7 Responses to J’ai croisé le fascisme aujourd’hui.

  1. Bastoon says:

    Idem itou

  2. Al quaida solfelino says:

    C’est tout a fait compréhensible, les jeunes des quartiers ont une haine viscérale des bobos tapettes qui parlent sans cesse en leurs noms, ce n’est qu’une question de temps en effet, pour que la vrai lutte des classes (horizontale et non verticale) se fasse.

  3. Philippe says:

    Merci pour ce billet.

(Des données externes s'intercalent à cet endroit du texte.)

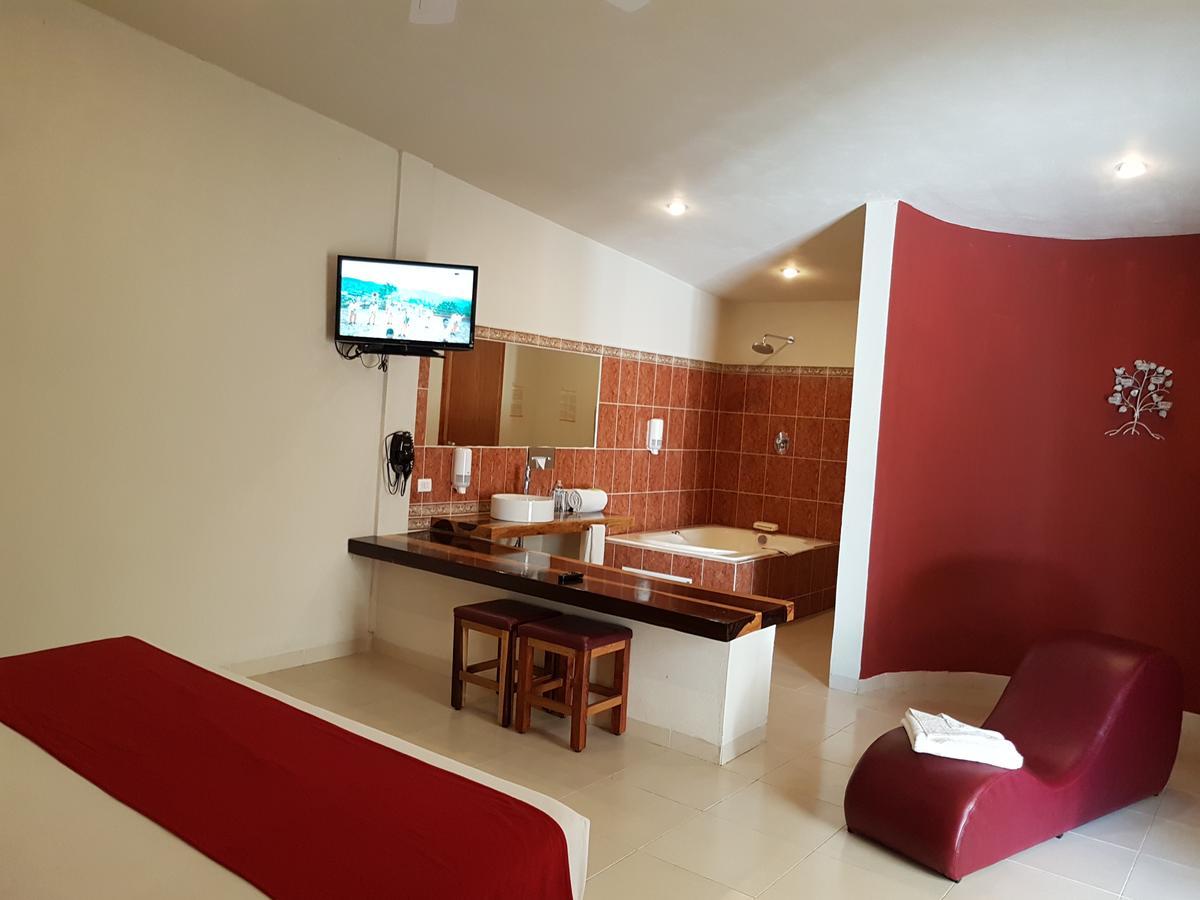 Auto Hotel Paraiso Inn ปาเลงเก ภายนอก รูปภาพ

Nous vivons sous la terreur de ces gens et de plus quand on lève le petit doigt pour se plaindre, il y a toujours une association, du genre SOS Racailles, pour défendre ses crapules.

  4. Breton says:

    Le terme fasciste ne semble pas vraiment correspondre à cet engeance, le fascisme se caractérise certes par l’exaltation des vertus martiales et par la violence politique et sociale appliquées aux « ennemis » mais il repose aussi sur un Etat surpuissant et omniprésent qui, directement ou indirectement, dirige tout (totalitarisme) ; sur une apologie de l’ordre (alors que les racailloux seraient infoutus de se mettre en rang même si leur vie en dépendait) ; sur la nation vue comme un entité d’essence supérieure (alors que ces vermines ne voient pas plus loin que leur bande).

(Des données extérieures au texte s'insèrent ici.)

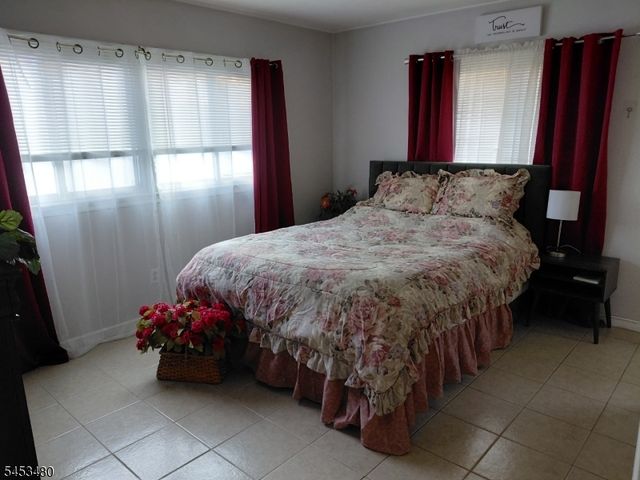 6 Brierdale Ln, Willingboro Twp., NJ 08046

    Ces individus sont trop primaires pour disposer d’un quelconque corpus idéologique cohérent, même si avec les fascistes ils partagent certaines activités (menaces, pillages, tabassages, tortures…) et certaines « valeurs » (homophobie, machisme délirant, racisme, antisémitisme), ils sont à la fois trop stupides et trop incultes pour produire un synthèse même sommaire de leurs intentions, ce sont des abrutis chimiquement purs.

    Leur action diffère de celle des fascistes en raison d’un anarchisme factuel consubstentiel à tous leurs faits et gestes ; contrairement aux fascistes qui ont des buts clairement définis, ces racailloux sont dans l’impossibilité d’expliquer les raisons profondes de leurs agissements autrement que par une jouissance morbide et infantile, il n’agissent que pour : « foutre la merde » et rien d’autre. Autre différence avec les fascistes, ceux-ci acceptent pleinement la responsabilité de leurs actes aussi abjects soient-ils, alors que les racailloux expliquent qu’ils ne sont pas responsables puisqu’ils sont des « victimes de la société ».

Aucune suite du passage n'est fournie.